Input data: Begin

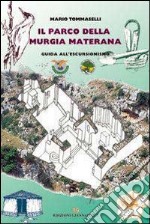 Il parco della Murgia materana. Guida all'escursionismo. Con carta libro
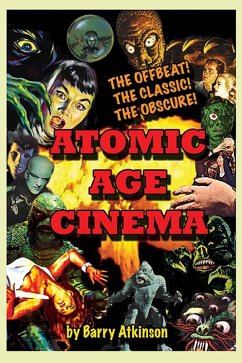 Atomic Age Cinema: The Offbeat, the Classic and the Obscure (eBook, ePUB) - Atkinson, Barry
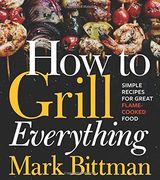 How to Grill Everything: Simple Recipes for Great Flame-Cooked Food 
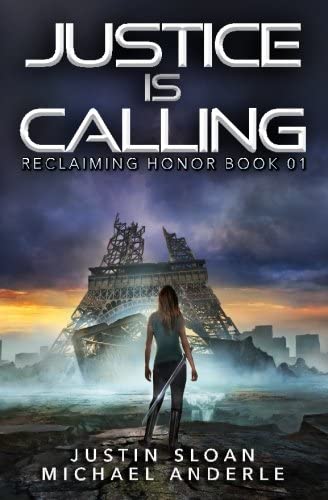 Justice is Calling: A Kurtherian Gambit Series (Reclaiming Honor) (Volume 1)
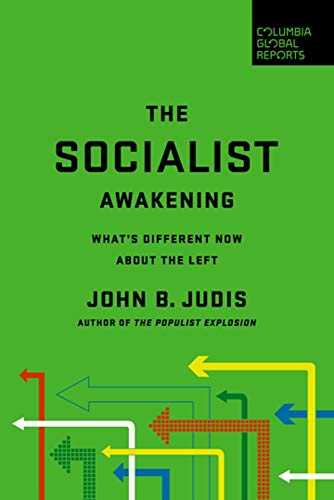 The Socialist Awakening: What's Different Now About the Left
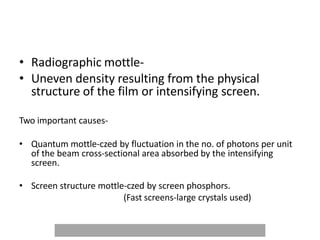 • Radiographic mottle-
• Uneven density resulting from the physical
structure of the film or intensifying screen.
Two important causes-
• Quantum mottle-czed by fluctuation in the no. of photons per unit
of the beam cross-sectional area absorbed by the intensifying
screen.
• Screen structure mottle-czed by screen phosphors.
(Fast screens-large crystals used)
 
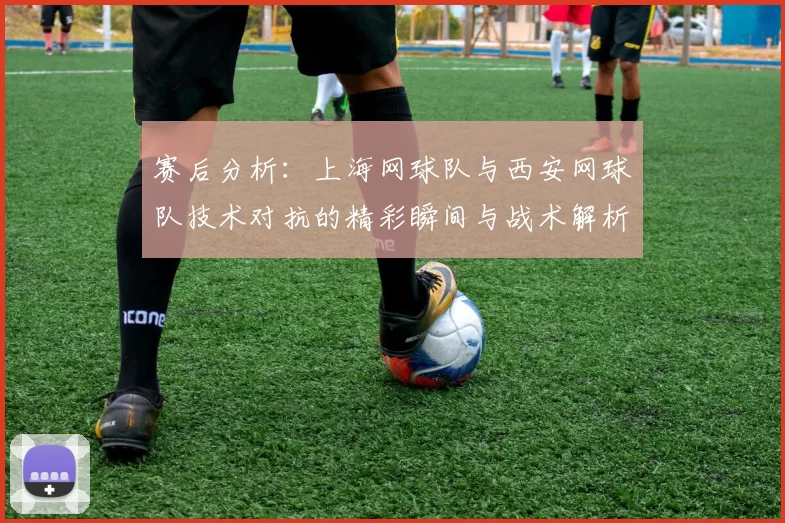 赛后分析：上海网球队与西安网球队技术对抗的精彩瞬间与战术解析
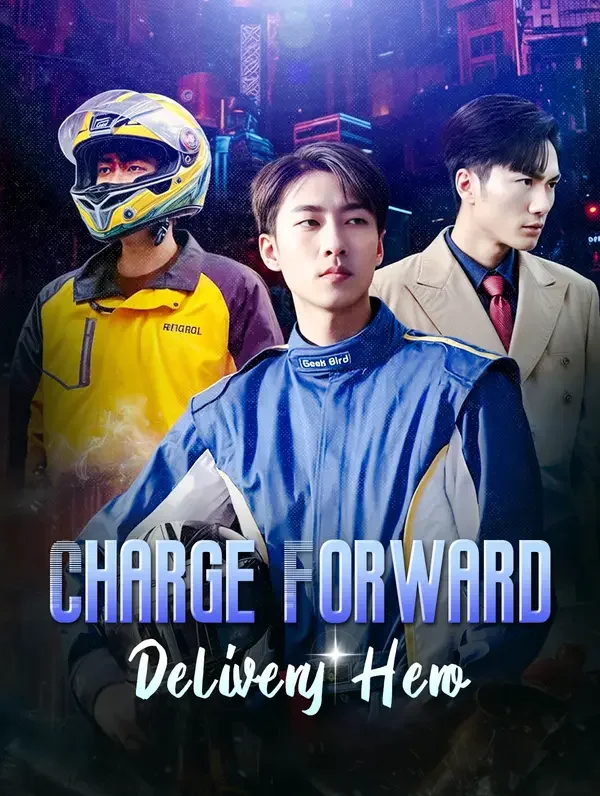 Charge Forward, Delivery Hero! poster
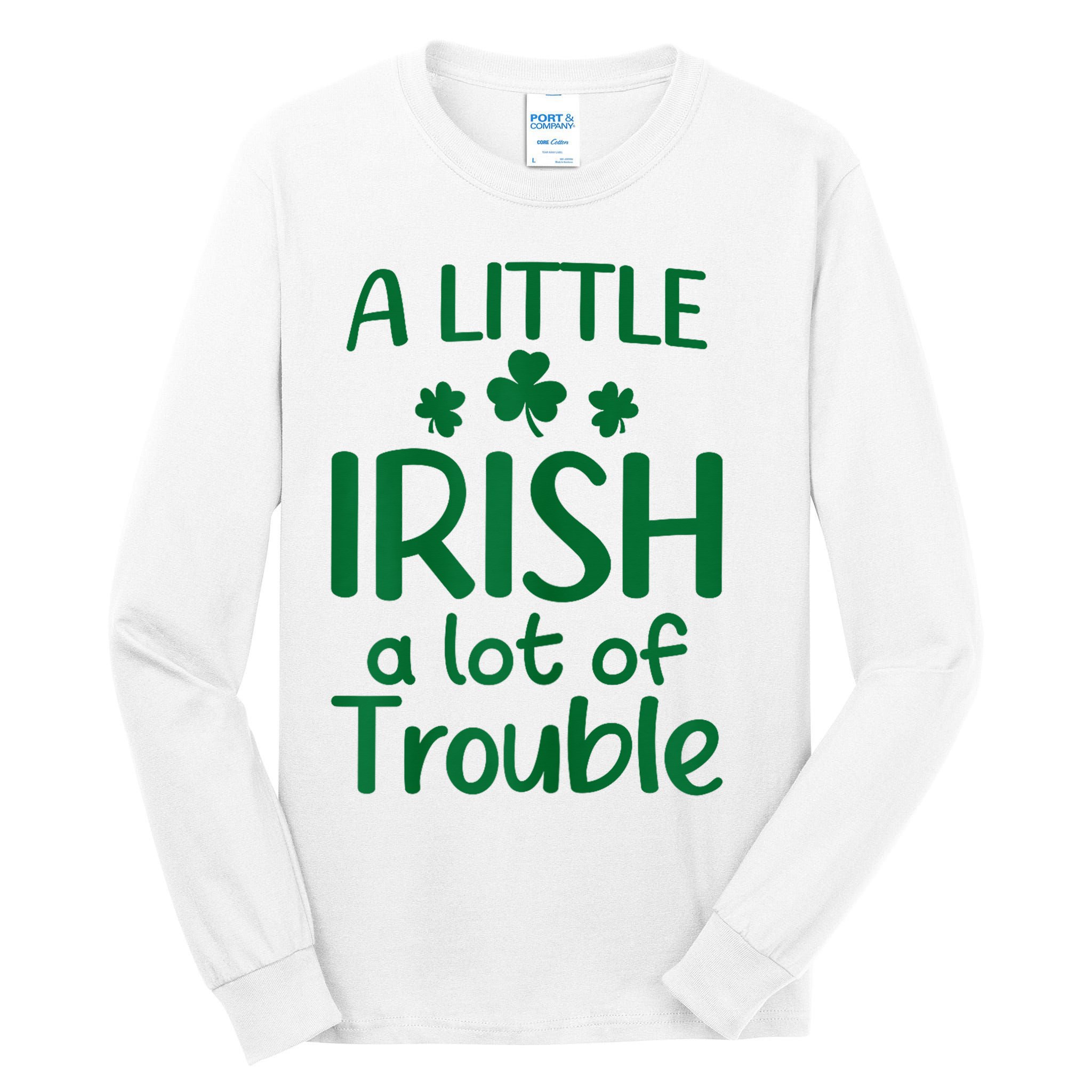 A Little Irish A Lot Of Trouble Irish St Patrick'S Day Tall Long Sleeve T-Shirt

Input data: End

Instructions to follow >> Check each line of the material for the string "intensifying" and say how many lines have it. Give the number only.

Answer section >> 2